The fallout was so bad that the secondary market for buying co-op loans nearly dried up, and several major banks pulled out of co-op lending altogether. It took years of public hearings, heightened oversight by the New York state attorney general and major changes to underwriting standards before the market began to recover.
“Right now, it’s clearly not as bad as it was in the early 1990s,” recalled Myles Horn, principal at developer MJH Birchwood. “Banks are not looking with that kind of circumspection — yet. I have not seen the kind of tightening I would expect; I would expect it to get worse.”
Debra Shultz, director and senior certified mortgage advisor at Manhattan Mortgage Co., said that co-op boards are placing closer scrutiny on potential buyers, and many boards have banned the use of interest-only loans.
Lender guidelines
On the other hand, she noted that the majority of co-op guidelines have not changed at most lenders. They want at least 50 to 70 percent of a building’s units occupied by primary owners, no more than 20 percent investor-owned units, as well as strong financials, no outstanding litigation and a minimum of 10 or more units per building, which lessens the risk that one individual in default could drag an entire building into foreclosure.

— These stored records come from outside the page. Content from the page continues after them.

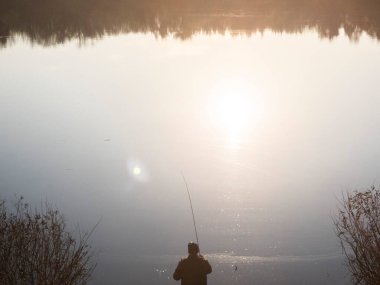 Kyiv, Ukrayna - 31 Mart 2023: Bir adam altın saatinde nehrin kenarında bir olta tutuyor, sıcak güneş ışığına karşı silueti var, sakin suya ve huzurlu yalnızlığa yansıyor.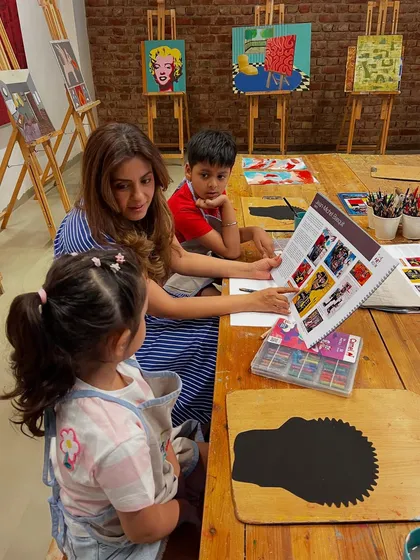 An instructor introduces our youngest artists to the world of Western Art, using a book to show examples before they begin their own creations.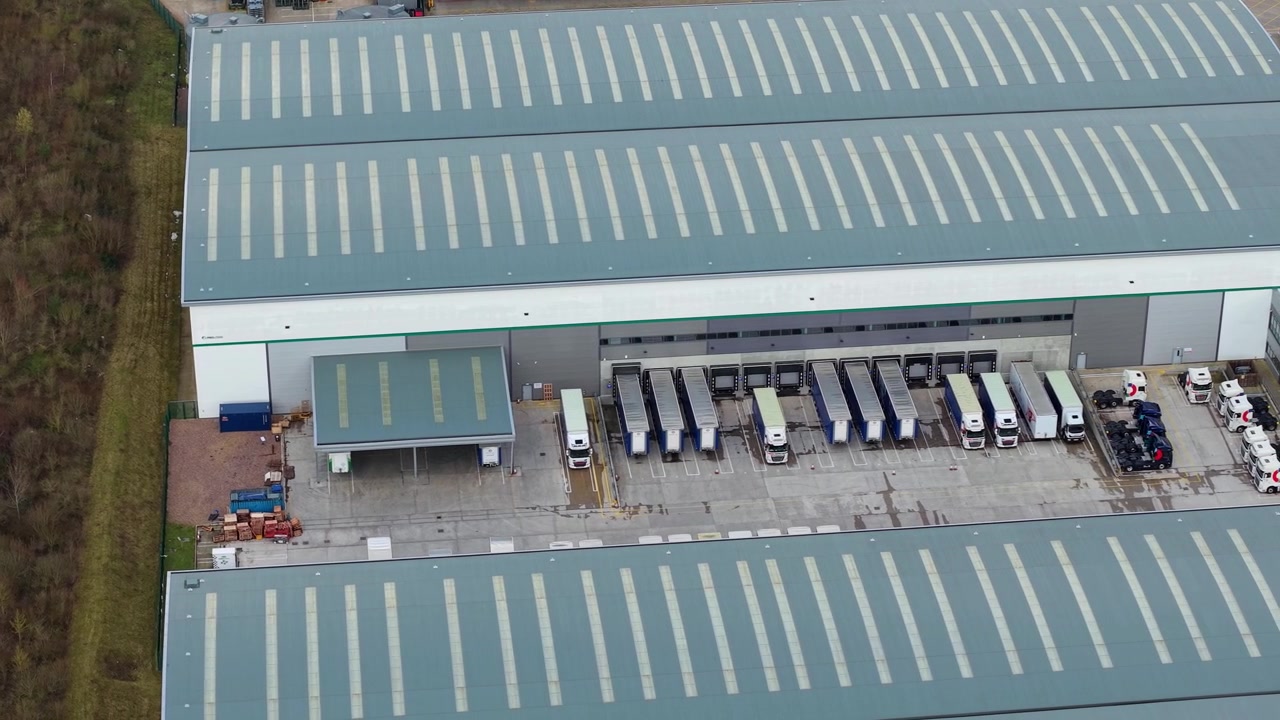 Veduta aerea di enormi e moderni magazzini di distribuzione con numerosi mezzi pesanti parcheggiati presso le baie di carico a Coleshill, Warwickshire, Regno Unito.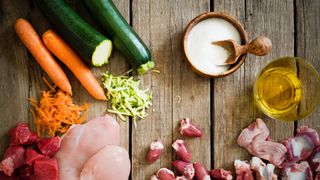 Homemade dog food recipes: a selection of ingredients including carrots, courgette, chicken and beef on a wooden surface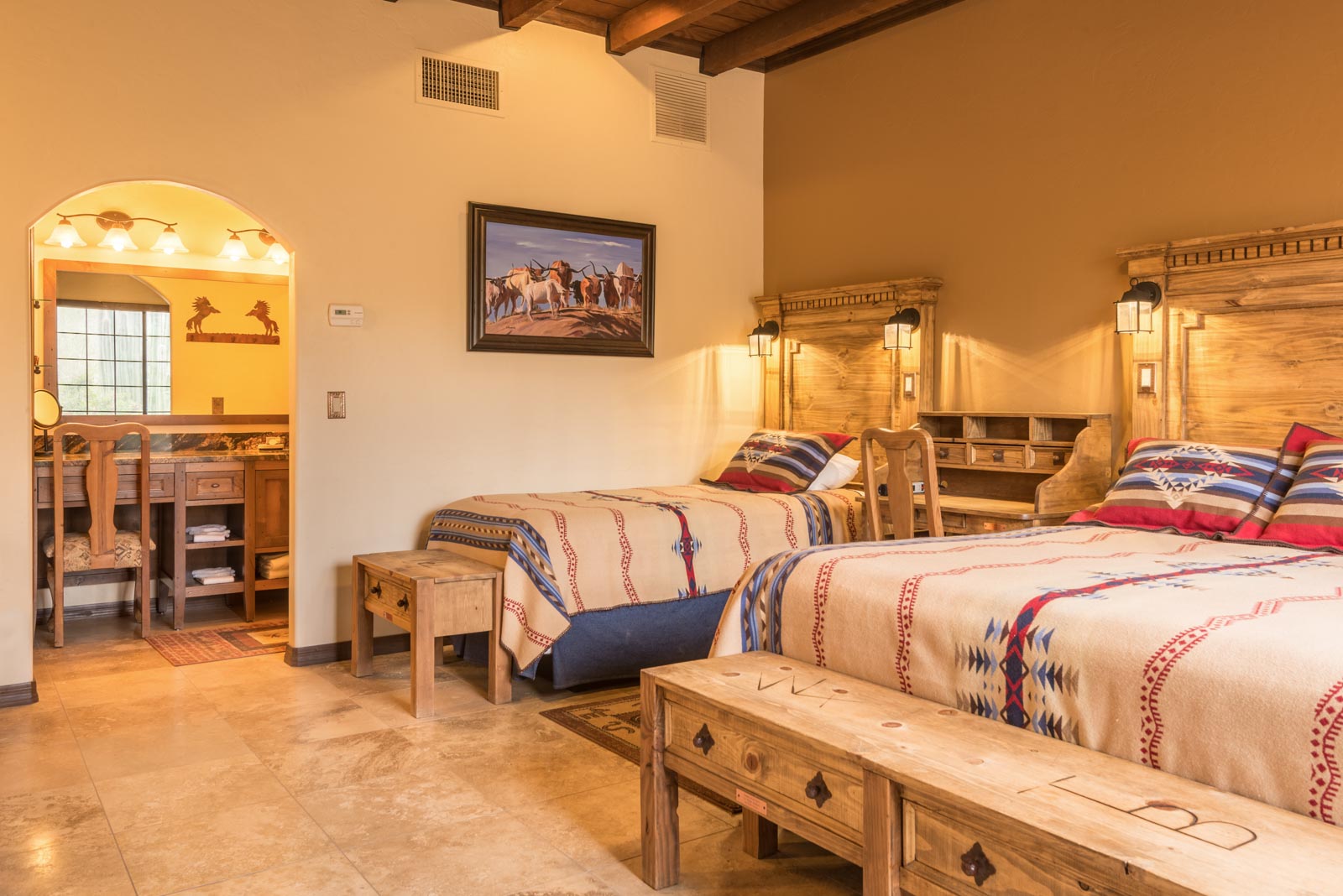 a room with two beds and a bed and a table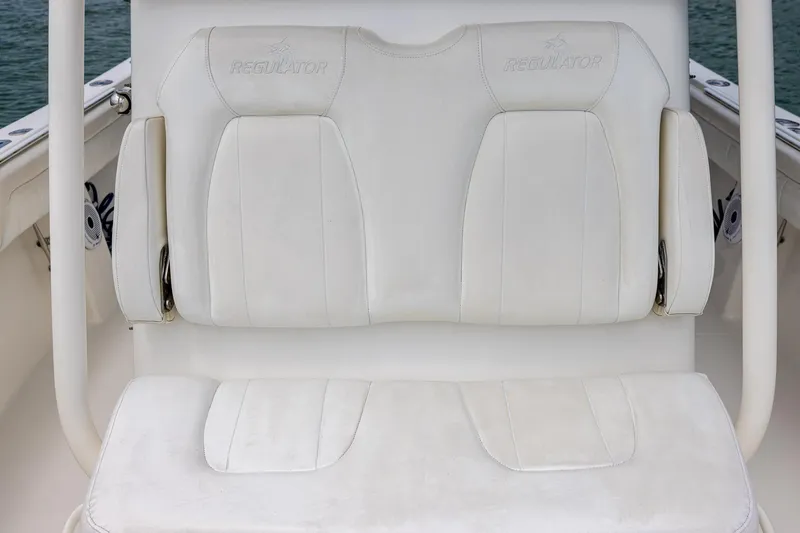 Slide: The Image of White leather seating on a 2018 Regulator 28 boat, showcasing comfort and style. - 25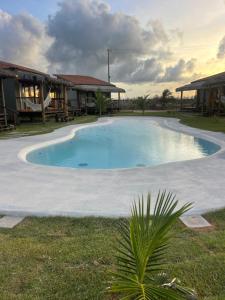 a large swimming pool in front of a building at Amigos do Vento Chalés e Kite Point in Touros +58 photos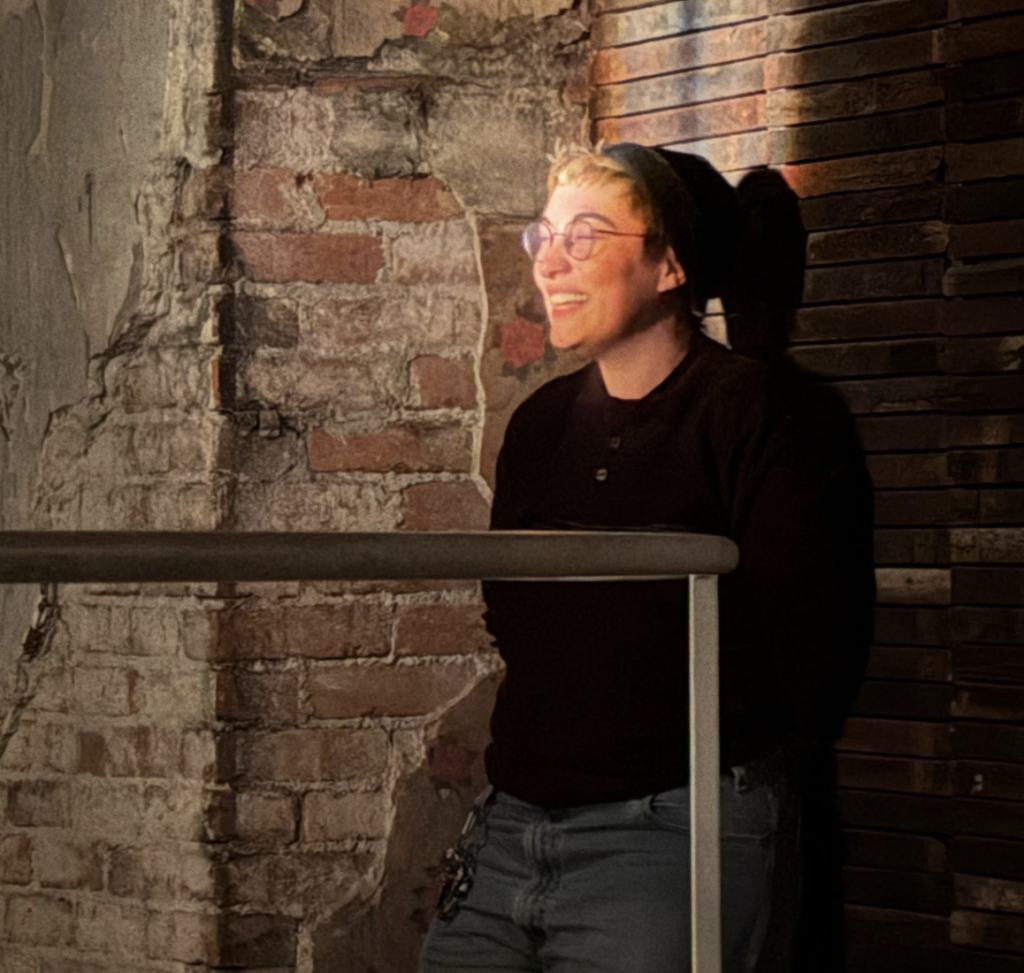 Ren Finkel smiles while standing against a sunny brick wall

The fear is that with a high percentage of sponsor-owned or investor-owned units, a financial default by one shareholder could place an enormous burden on the rest of the shareholders, thus placing the underlying mortgage payments in jeopardy.

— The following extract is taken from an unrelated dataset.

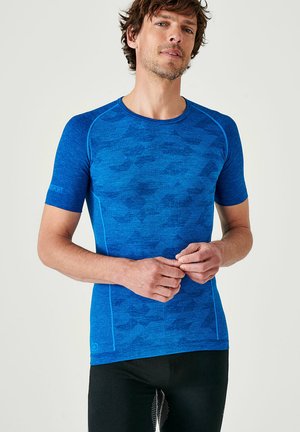 Uomo che indossa una maglietta sportiva blu aderente a maniche corte con un motivo sottile, in piedi davanti a uno sfondo chiaro uniforme, con le mani intrecciate.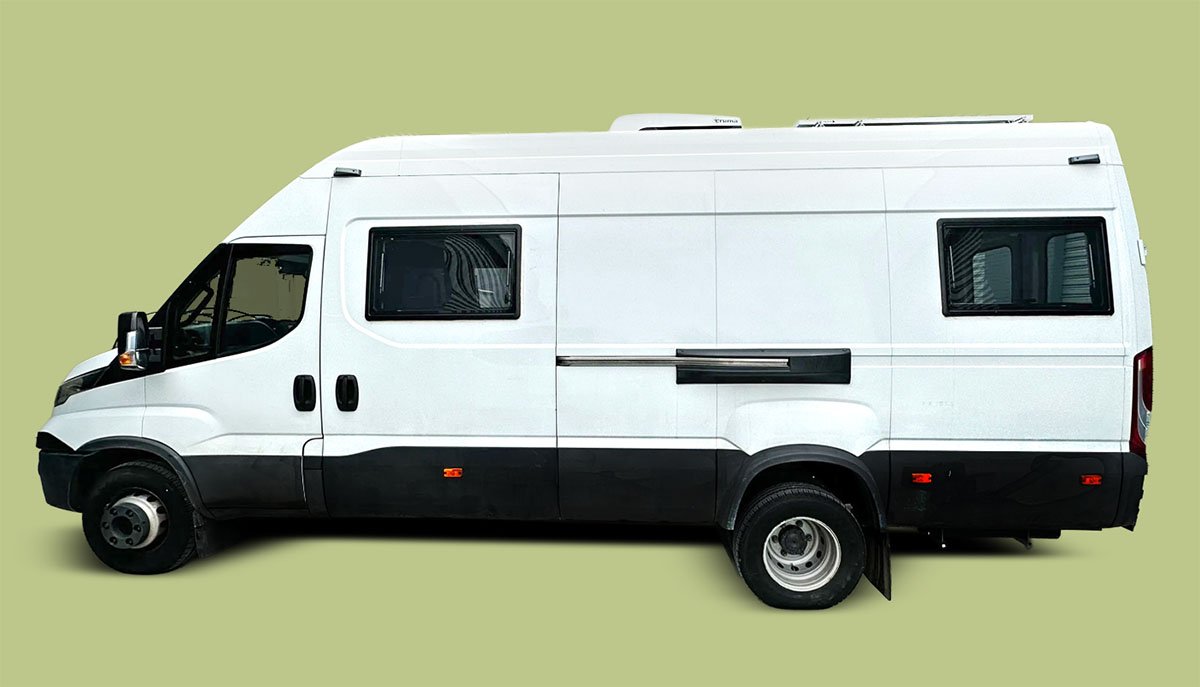 White camper van with black accents on a light green background.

At successful co-op buildings, a sponsor will usually gain pre-qualification from a lender, which will then place the building on a list of approved co-ops, which in turn speeds the process of approving loans for individual apartments.
Developer Horn noted that at his company’s newest development, the Towers at Water’s Edge in Bayside, Queens, the complex has already been approved by M&T Bank. Horn acquired about 230 units from the original sponsor and is selling those units for about $500 a square foot.
Attorney Lawrence DiGiovanna, whose firm represents more than 30 co-op apartments in Brooklyn, said he has not seen any widespread crackdown on co-op boards. However, he noted that one of his clients, a 300-unit co-op in Sheepshead Bay, was asked by Washington Mutual (which was bought last month by JPMorgan Chase) to put 25 percent of its annual maintenance into Fidelity bond insurance, which protects the building against employee dishonesty.
“The first time it occurs, the co-op board is being asked on behalf of one little lender for a revision to the entire building’s insurance policy,” he recalled. “The initial reaction on a lot of boards [would be], ‘Don’t be ridiculous.'”
He said that banks are also demanding that co-ops set aside increased reserve funds to handle future capital repairs. “This co-op had $1 million cash in the bank, [but it] wasn’t clear if it was for capital improvements or a reserve fund.”
Co-op boards that fail to shore up their financial practice can suffer further repercussions. Attorney David Schachter said that banks are refusing to lend to buyers if a co-op board cannot produce audited financial statements.
“If they see a financial statement that’s not audited, they say, ‘We don’t want to do the loan,'” he said. “Before, you didn’t hear any of this.”